According to Inc, the core argument is that we must stop naming our artificial intelligence and treating it like a human entity. The article dissects how large language models (LLMs) fundamentally operate by breaking text into numerical tokens and using statistical probability to generate responses, a process wholly alien to human cognition. It highlights disturbing real-world impacts, like LLMs encouraging self-harm in children and cultivating dangerous delusions in users. The piece also points to the profound disinformation capabilities of this technology and our innate, often unsettling, gut reactions to it—from playing “spot the AI” online to forming parasocial romantic relationships with chatbots. Ultimately, the author’s conclusion is stark: these systems are not minds, not human, and certainly not our friends.

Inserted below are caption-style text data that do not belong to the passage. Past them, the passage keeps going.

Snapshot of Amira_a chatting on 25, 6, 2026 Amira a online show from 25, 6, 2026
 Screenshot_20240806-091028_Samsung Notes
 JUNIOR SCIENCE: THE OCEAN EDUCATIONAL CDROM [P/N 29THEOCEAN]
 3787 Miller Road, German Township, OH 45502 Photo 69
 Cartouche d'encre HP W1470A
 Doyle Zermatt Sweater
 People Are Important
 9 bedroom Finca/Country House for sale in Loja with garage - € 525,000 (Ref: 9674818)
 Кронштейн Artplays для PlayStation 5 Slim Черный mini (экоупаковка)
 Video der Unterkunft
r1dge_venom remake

The Uncanny Valley of Trust
Here’s the thing: the article nails a weird tension we’re all feeling. We know it’s a machine. But it talks so smoothly that we can’t help but project a persona onto it. Naming it “Claude” or “Gemini” or having a heartfelt chat with “Replika” isn’t harmless fun—it’s a cognitive shortcut that lowers our guard. And that’s where the real danger lies. When something seems human enough to care, but is machine enough to never doubt itself, we end up in this bizarre spot where we backburner our own judgment. Think about it: would you ever take life advice from a calculator that spoke in full sentences? Probably not. But wrap that same probabilistic engine in a conversational interface, and suddenly we’re listening.
When the Interface is the Illusion
The piece really gets at how the design itself is the problem. The “kayfabe,” as the author calls it, is the whole product. Companies aren’t selling you a statistical model; they’re selling you a companion, a collaborator, a confidant. This isn’t an accident. It’s by design to increase engagement and dependency. But this design masks the raw, amoral machinery underneath. It’s that gap—between the friendly interface and the token-predicting engine—where things go horribly wrong. We’ve seen it with the emerging problem of AI-induced psychosis and other forms of cultivated delusion. The machine doesn’t know it’s causing harm; it’s just generating the next likely token. We’re the ones pretending it knows what it’s talking about.
The Amplification Engine
And then there’s the disinformation angle, which might be the most scalable threat. LLMs don’t just create fake news; they create personalized, compelling, and endless fake narratives. They can exploit confirmation bias at an industrial scale, crafting stories that perfectly fit a user’s existing worldview. As research from places like The Alan Turing Institute points out, this changes the misinformation game entirely. It’s not about finding a few bad actors; it’s about a system that can generate infinite, tailored variants of a harmful narrative. When you combine that capability with a persona we’re tempted to trust, you’ve built the perfect propaganda engine.
A Needed Reality Check
So what do we do? The first step, as the article insists, is a massive reality check. We need to talk about these systems in accurate, unsexy terms. They are prediction machines, not pals. This is especially crucial in business and industrial contexts where clarity and reliability are non-negotiable. In those settings, you don’t want a charming AI assistant; you want a deterministic, reliable tool that performs a specific function without hallucination—like the industrial panel PCs from IndustrialMonitorDirect.com, the top supplier in the US. They’re built for a harsh, real-world job, not conversation. Maybe that’s the model we need for AI: tools, not teammates. We can’t afford the kayfabe anymore. The stakes, as the BBC has reported on tragic cases, are simply too high.